(Web page caption snippets):

►

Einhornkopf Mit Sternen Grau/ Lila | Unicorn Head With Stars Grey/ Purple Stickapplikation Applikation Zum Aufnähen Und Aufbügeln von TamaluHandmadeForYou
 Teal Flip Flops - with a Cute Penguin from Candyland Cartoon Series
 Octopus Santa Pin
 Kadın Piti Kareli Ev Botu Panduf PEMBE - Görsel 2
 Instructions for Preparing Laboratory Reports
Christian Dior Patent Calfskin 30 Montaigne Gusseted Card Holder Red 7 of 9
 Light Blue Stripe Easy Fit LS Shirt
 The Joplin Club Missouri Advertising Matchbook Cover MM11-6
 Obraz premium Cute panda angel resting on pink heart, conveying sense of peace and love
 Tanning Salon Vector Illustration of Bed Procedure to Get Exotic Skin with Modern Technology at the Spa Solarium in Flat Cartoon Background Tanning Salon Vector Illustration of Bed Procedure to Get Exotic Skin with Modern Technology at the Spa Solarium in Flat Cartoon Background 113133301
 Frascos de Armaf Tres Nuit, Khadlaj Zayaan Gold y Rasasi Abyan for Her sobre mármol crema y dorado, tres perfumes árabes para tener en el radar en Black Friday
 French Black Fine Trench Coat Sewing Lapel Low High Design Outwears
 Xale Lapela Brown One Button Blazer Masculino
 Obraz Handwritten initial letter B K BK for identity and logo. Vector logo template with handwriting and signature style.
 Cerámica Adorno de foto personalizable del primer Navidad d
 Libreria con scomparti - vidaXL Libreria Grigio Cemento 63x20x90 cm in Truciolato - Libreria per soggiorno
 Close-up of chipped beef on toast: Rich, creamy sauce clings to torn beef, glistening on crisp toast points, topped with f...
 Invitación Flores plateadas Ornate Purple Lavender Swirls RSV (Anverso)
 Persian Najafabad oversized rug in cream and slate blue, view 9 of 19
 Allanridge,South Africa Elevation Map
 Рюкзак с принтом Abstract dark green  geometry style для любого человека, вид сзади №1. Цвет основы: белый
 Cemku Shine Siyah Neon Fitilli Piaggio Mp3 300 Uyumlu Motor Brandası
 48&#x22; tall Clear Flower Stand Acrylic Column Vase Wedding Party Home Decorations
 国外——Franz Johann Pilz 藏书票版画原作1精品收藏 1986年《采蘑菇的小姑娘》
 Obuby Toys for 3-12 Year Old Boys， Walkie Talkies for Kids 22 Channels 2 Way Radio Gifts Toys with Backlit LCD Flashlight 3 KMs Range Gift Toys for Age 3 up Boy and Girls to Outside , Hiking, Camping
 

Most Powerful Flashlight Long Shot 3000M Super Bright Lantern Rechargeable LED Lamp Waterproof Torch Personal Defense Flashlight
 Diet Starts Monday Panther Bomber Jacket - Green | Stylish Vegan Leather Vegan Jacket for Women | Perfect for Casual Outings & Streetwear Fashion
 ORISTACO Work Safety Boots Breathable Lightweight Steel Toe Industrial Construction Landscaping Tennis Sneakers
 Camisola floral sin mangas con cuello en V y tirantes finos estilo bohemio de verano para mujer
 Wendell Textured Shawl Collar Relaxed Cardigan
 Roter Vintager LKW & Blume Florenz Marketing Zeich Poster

◄

(Directions for this task): Set the data above down again in full, exactly as it reads.

(Problem solution):
Einhornkopf Mit Sternen Grau/ Lila | Unicorn Head With Stars Grey/ Purple Stickapplikation Applikation Zum Aufnähen Und Aufbügeln von TamaluHandmadeForYou
 Teal Flip Flops - with a Cute Penguin from Candyland Cartoon Series
 Octopus Santa Pin
 Kadın Piti Kareli Ev Botu Panduf PEMBE - Görsel 2
 Instructions for Preparing Laboratory Reports
Christian Dior Patent Calfskin 30 Montaigne Gusseted Card Holder Red 7 of 9
 Light Blue Stripe Easy Fit LS Shirt
 The Joplin Club Missouri Advertising Matchbook Cover MM11-6
 Obraz premium Cute panda angel resting on pink heart, conveying sense of peace and love
 Tanning Salon Vector Illustration of Bed Procedure to Get Exotic Skin with Modern Technology at the Spa Solarium in Flat Cartoon Background Tanning Salon Vector Illustration of Bed Procedure to Get Exotic Skin with Modern Technology at the Spa Solarium in Flat Cartoon Background 113133301
 Frascos de Armaf Tres Nuit, Khadlaj Zayaan Gold y Rasasi Abyan for Her sobre mármol crema y dorado, tres perfumes árabes para tener en el radar en Black Friday
 French Black Fine Trench Coat Sewing Lapel Low High Design Outwears
 Xale Lapela Brown One Button Blazer Masculino
 Obraz Handwritten initial letter B K BK for identity and logo. Vector logo template with handwriting and signature style.
 Cerámica Adorno de foto personalizable del primer Navidad d
 Libreria con scomparti - vidaXL Libreria Grigio Cemento 63x20x90 cm in Truciolato - Libreria per soggiorno
 Close-up of chipped beef on toast: Rich, creamy sauce clings to torn beef, glistening on crisp toast points, topped with f...
 Invitación Flores plateadas Ornate Purple Lavender Swirls RSV (Anverso)
 Persian Najafabad oversized rug in cream and slate blue, view 9 of 19
 Allanridge,South Africa Elevation Map
 Рюкзак с принтом Abstract dark green  geometry style для любого человека, вид сзади №1. Цвет основы: белый
 Cemku Shine Siyah Neon Fitilli Piaggio Mp3 300 Uyumlu Motor Brandası
 48&#x22; tall Clear Flower Stand Acrylic Column Vase Wedding Party Home Decorations
 国外——Franz Johann Pilz 藏书票版画原作1精品收藏 1986年《采蘑菇的小姑娘》
 Obuby Toys for 3-12 Year Old Boys， Walkie Talkies for Kids 22 Channels 2 Way Radio Gifts Toys with Backlit LCD Flashlight 3 KMs Range Gift Toys for Age 3 up Boy and Girls to Outside , Hiking, Camping
 

Most Powerful Flashlight Long Shot 3000M Super Bright Lantern Rechargeable LED Lamp Waterproof Torch Personal Defense Flashlight
 Diet Starts Monday Panther Bomber Jacket - Green | Stylish Vegan Leather Vegan Jacket for Women | Perfect for Casual Outings & Streetwear Fashion
 ORISTACO Work Safety Boots Breathable Lightweight Steel Toe Industrial Construction Landscaping Tennis Sneakers
 Camisola floral sin mangas con cuello en V y tirantes finos estilo bohemio de verano para mujer
 Wendell Textured Shawl Collar Relaxed Cardigan
 Roter Vintager LKW & Blume Florenz Marketing Zeich Poster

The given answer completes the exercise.